(Excerpts from a dataset)
——
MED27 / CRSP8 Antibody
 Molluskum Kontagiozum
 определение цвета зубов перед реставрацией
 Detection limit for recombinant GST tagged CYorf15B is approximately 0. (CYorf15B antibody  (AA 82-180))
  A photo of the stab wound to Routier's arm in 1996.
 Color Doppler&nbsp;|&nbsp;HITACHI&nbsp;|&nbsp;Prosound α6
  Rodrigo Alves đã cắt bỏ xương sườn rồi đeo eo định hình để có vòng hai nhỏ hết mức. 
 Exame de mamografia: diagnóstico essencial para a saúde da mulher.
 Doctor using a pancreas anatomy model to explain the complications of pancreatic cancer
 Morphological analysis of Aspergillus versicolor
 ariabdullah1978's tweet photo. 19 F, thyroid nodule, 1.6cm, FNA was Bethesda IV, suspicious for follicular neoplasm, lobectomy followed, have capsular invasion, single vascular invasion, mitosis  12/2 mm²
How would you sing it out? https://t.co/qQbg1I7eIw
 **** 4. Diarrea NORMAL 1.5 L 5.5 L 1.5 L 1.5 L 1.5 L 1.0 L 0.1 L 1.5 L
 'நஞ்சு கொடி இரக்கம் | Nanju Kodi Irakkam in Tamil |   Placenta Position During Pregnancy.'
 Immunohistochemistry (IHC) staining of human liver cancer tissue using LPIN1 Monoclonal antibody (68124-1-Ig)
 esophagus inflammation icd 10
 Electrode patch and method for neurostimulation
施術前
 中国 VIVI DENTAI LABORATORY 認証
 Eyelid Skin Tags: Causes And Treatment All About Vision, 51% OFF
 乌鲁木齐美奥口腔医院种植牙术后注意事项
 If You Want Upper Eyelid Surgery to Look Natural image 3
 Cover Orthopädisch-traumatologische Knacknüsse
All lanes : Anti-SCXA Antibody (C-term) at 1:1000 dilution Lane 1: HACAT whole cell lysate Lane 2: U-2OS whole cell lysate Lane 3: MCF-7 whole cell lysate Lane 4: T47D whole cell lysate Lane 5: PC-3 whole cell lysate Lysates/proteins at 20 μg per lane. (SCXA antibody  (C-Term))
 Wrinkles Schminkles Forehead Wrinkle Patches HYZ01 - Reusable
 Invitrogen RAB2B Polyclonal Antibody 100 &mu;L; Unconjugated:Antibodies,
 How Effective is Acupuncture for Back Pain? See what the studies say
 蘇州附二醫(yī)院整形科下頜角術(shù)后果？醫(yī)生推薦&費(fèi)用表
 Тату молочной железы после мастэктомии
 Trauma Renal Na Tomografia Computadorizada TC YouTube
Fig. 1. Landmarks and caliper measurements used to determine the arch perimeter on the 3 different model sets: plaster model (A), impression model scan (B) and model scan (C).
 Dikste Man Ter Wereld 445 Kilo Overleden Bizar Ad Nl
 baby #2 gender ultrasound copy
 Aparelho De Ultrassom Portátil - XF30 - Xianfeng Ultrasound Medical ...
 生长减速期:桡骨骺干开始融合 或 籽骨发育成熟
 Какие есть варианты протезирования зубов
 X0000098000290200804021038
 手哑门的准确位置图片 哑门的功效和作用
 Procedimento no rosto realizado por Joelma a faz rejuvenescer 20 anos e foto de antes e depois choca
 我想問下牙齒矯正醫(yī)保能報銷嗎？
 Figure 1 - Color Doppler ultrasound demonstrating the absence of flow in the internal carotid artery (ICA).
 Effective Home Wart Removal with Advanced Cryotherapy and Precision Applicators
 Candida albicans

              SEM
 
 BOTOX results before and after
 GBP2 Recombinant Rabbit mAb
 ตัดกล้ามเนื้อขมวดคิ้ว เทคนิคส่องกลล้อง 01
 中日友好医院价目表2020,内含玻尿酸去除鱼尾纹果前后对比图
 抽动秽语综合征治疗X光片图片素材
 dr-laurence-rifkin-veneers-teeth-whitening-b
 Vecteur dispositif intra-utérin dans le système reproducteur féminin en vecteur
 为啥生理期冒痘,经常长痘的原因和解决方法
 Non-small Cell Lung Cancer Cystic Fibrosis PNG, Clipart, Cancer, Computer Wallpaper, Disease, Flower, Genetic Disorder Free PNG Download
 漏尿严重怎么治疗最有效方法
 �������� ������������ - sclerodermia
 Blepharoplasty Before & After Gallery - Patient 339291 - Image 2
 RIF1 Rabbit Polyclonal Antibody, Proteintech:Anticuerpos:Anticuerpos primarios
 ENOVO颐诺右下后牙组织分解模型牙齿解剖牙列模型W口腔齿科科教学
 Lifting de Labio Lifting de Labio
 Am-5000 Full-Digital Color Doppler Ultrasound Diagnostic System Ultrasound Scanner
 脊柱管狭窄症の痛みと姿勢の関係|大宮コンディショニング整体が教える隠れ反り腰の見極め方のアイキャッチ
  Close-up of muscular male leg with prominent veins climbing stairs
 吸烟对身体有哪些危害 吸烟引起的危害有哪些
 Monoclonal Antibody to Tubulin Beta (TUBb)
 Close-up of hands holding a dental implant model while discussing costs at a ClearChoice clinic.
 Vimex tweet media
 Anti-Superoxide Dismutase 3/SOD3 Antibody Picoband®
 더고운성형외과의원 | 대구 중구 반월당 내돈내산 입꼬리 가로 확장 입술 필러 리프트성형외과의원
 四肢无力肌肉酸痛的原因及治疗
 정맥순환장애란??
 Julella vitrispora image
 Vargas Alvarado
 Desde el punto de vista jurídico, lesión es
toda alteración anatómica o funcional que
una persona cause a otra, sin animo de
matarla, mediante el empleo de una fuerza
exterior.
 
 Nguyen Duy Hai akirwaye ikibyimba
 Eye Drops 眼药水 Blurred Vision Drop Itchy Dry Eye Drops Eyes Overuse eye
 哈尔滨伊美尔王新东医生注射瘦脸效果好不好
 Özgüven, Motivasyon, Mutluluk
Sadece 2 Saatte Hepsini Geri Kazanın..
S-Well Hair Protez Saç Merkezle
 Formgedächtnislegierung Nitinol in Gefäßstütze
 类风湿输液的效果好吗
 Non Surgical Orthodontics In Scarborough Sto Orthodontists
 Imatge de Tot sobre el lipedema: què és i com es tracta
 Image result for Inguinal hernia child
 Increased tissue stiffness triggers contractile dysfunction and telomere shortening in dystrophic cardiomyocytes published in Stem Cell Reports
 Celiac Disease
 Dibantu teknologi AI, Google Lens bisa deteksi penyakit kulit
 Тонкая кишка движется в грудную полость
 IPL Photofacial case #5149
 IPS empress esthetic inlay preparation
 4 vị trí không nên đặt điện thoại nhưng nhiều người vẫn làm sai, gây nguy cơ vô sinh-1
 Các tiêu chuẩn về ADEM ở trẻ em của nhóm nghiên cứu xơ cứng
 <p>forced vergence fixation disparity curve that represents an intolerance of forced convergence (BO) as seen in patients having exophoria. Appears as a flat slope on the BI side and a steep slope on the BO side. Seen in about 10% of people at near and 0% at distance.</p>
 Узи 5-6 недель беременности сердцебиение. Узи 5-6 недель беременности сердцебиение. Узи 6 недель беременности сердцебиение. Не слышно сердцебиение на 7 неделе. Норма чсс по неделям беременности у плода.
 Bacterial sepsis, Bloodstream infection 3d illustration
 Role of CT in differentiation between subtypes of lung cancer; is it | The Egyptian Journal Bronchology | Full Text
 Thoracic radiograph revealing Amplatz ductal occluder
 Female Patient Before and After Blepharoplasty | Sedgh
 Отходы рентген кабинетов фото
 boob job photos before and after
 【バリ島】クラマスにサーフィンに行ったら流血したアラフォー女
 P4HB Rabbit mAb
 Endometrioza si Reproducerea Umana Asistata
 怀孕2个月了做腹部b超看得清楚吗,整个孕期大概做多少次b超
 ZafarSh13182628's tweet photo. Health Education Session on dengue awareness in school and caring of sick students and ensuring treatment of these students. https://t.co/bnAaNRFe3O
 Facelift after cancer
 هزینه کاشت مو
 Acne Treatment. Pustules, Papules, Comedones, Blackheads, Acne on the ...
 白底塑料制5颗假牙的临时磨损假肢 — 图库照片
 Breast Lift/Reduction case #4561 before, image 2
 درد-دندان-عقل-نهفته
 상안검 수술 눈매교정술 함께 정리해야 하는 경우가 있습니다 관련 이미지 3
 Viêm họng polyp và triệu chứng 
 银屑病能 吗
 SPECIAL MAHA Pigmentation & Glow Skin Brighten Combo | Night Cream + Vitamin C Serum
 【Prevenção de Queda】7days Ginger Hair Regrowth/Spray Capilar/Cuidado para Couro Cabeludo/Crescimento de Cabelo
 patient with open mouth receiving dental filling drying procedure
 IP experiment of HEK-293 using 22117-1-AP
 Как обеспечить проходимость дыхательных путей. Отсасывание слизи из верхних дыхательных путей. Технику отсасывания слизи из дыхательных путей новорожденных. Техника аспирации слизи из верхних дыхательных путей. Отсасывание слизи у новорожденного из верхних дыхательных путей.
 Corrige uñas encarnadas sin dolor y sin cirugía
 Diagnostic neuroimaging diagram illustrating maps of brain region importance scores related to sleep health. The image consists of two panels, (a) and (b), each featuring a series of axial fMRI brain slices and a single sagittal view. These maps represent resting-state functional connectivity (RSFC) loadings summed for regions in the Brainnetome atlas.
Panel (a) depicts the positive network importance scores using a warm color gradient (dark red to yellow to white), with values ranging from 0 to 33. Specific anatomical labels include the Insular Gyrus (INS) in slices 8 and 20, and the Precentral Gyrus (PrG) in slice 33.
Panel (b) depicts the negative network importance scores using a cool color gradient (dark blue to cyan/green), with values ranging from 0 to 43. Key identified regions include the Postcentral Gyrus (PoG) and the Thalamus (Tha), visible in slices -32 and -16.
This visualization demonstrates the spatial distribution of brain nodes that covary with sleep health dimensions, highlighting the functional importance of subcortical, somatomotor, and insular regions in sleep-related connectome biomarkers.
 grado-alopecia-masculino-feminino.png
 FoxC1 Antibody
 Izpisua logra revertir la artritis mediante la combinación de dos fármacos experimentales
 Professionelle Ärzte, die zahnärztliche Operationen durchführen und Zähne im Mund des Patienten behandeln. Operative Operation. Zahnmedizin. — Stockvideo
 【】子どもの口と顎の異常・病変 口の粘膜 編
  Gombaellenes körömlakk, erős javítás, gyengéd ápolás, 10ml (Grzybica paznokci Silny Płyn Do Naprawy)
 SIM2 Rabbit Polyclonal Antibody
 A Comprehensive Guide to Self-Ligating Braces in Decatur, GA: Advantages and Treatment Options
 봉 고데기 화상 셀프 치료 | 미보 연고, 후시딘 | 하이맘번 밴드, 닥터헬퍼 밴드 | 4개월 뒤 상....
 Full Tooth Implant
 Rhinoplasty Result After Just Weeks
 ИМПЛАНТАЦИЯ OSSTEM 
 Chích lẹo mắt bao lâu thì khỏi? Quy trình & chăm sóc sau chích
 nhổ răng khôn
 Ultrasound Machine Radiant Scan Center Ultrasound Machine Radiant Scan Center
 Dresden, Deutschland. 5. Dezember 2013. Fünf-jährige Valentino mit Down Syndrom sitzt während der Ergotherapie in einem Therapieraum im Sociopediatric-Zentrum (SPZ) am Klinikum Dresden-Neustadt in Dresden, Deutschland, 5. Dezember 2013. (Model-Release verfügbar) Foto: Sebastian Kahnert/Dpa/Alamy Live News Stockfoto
——
→ **Brief**
Give back exactly the lines above starting at the line where "Molluskum Kontagiozum" appears and ending at the line where "Color Doppler&nbsp;|&nbsp;HITACHI&nbsp;|&nbsp;Prosound α6" appears, both included, with no other lines.

→ **Response for this exercise**
 Molluskum Kontagiozum
 определение цвета зубов перед реставрацией
 Detection limit for recombinant GST tagged CYorf15B is approximately 0. (CYorf15B antibody  (AA 82-180))
  A photo of the stab wound to Routier's arm in 1996.
 Color Doppler&nbsp;|&nbsp;HITACHI&nbsp;|&nbsp;Prosound α6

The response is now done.